Dies with free(): invalid pointer after ~107.4M calls to xfer()

HowardALandman commented 4 years ago

The attached program, which calls xfer() repeatedly in read mode, dies with free(): invalid pointer after about 107.4 million calls to xfer(). It is a simplified version of code in the read_regs24() method in my tdc7201 library. I'm typically running in Python 3.7.3.

This can be hard to debug because abort() doesn't return from the C level, and so it's impossible to catch the SIGABRT in Python. Also, the spidev library doesn't work with python3-dbg (which might be a separate bug). I recommend running it under gdb with a break in malloc_printerr(). I suppose valgrind might also be helpful if you have the patience. Here's what I get from gdb:

Breakpoint 1, malloc_printerr (str=0x76e028f8 "free(): invalid pointer") at malloc.c:5341 5341 malloc.c: No such file or directory. (gdb) bt #0 malloc_printerr (str=0x76e028f8 "free(): invalid pointer") at malloc.c:5341 #1 0x76d44d50 in _int_free (av=0x76e1f7d4 <main_arena>, p=0x43417c <small_ints.lto_priv+72>, have_lock=<optimized out>) at malloc.c:4165 #2 0x001b4f40 in list_dealloc (op=0x766d0f58) at ../Objects/listobject.c:324 #3 0x7669b660 in ?? () from /usr/lib/python3/dist-packages/spidev.cpython-37m-arm-linux-gnueabihf.so Backtrace stopped: previous frame identical to this frame (corrupt stack?)

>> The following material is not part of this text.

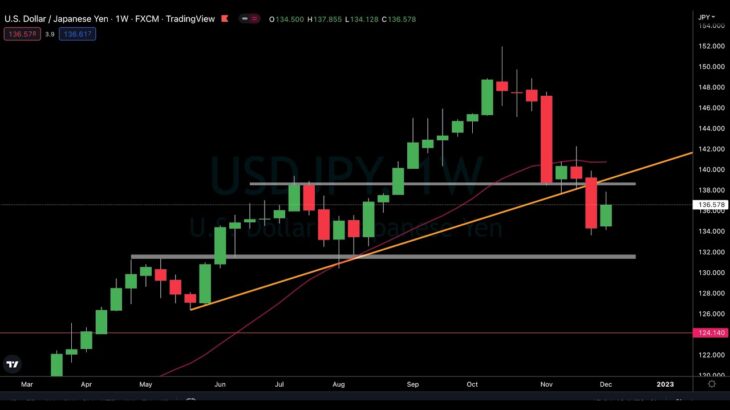【ドル円 USDJPY】来週はCPIとFOMC. FX週明け以降(12/12~) の想定【12月10日(土), 為替】その他 ユーロドル, カナダ円, ニュージーランド円, DXY, 米国株NYダウ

On a RPi4 this takes about 57 minutes to hit the bug (usually in batch -1074). But the bug also occurs on a RPi3B+ or a RPi0W. It occurs under both Stretch and Buster (32-bit).

It looks like the error is trying to free the integer 13 more times than it was allocated (<small_ints.lto_priv+72>).

bug_spi2.py.gz

Gadgetoid commented 4 years ago

This is possibly another case of the Py_DECREF issue I found under similar circumstances- https://github.com/doceme/py-spidev/pull/96 - but make sure you're running the very latest release of spidev since some of these issues have been fixed.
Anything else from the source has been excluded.